**Data in this exercise**
-------------------------

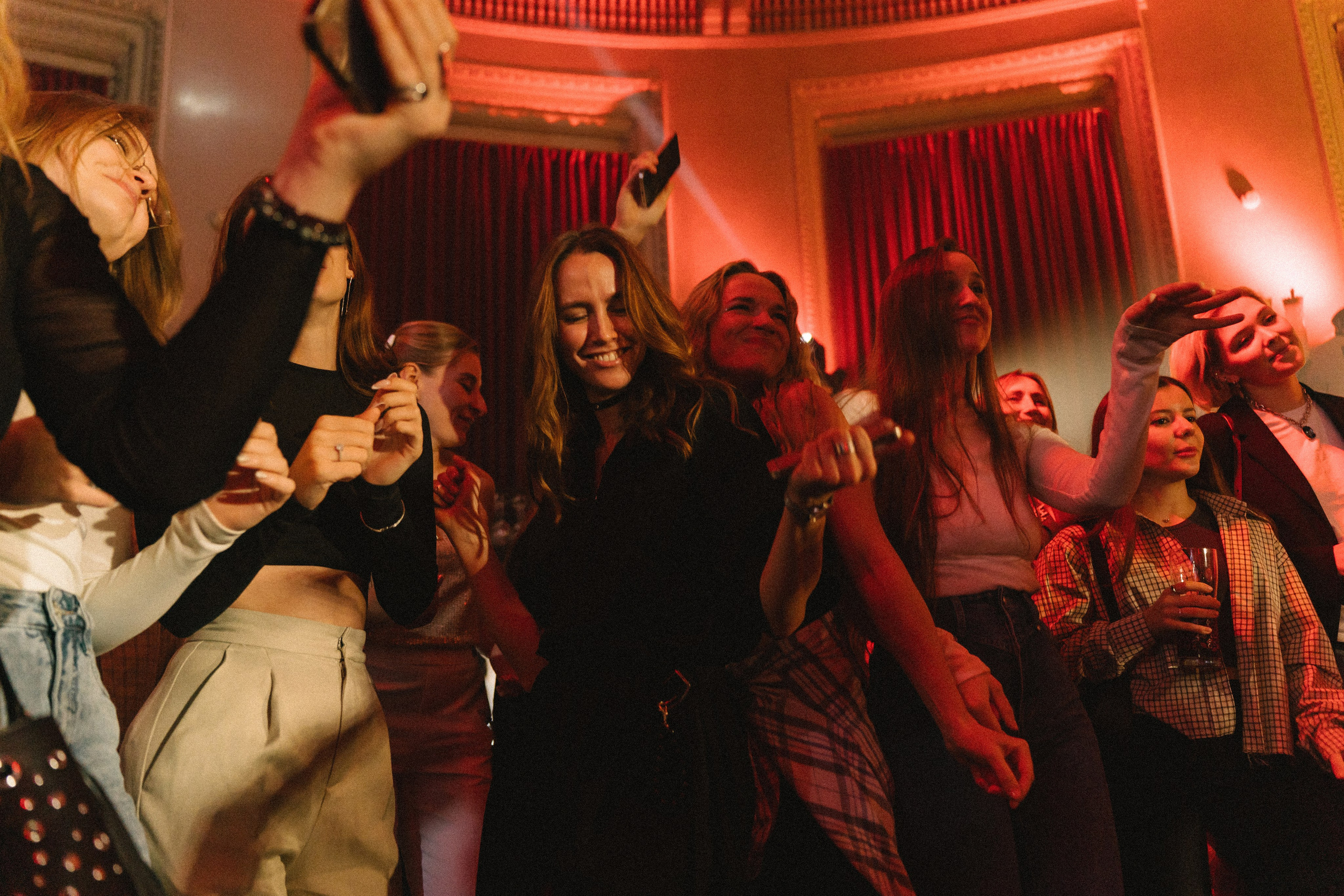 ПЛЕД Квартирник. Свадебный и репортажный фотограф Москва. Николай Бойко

-------------------------

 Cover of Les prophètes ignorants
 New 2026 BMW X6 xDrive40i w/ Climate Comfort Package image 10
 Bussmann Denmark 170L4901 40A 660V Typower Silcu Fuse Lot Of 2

-------------------------

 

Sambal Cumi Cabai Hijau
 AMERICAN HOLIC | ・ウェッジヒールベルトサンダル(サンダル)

-------------------------

**Work item**
Using the data above, repeat exactly the lines that begin at the line with "Sambal Cumi Cabai Hijau" and end at the line with "AMERICAN HOLIC | ・ウェッジヒールベルトサンダル(サンダル)", both ends included.

**Exercise response**
Sambal Cumi Cabai Hijau
 AMERICAN HOLIC | ・ウェッジヒールベルトサンダル(サンダル)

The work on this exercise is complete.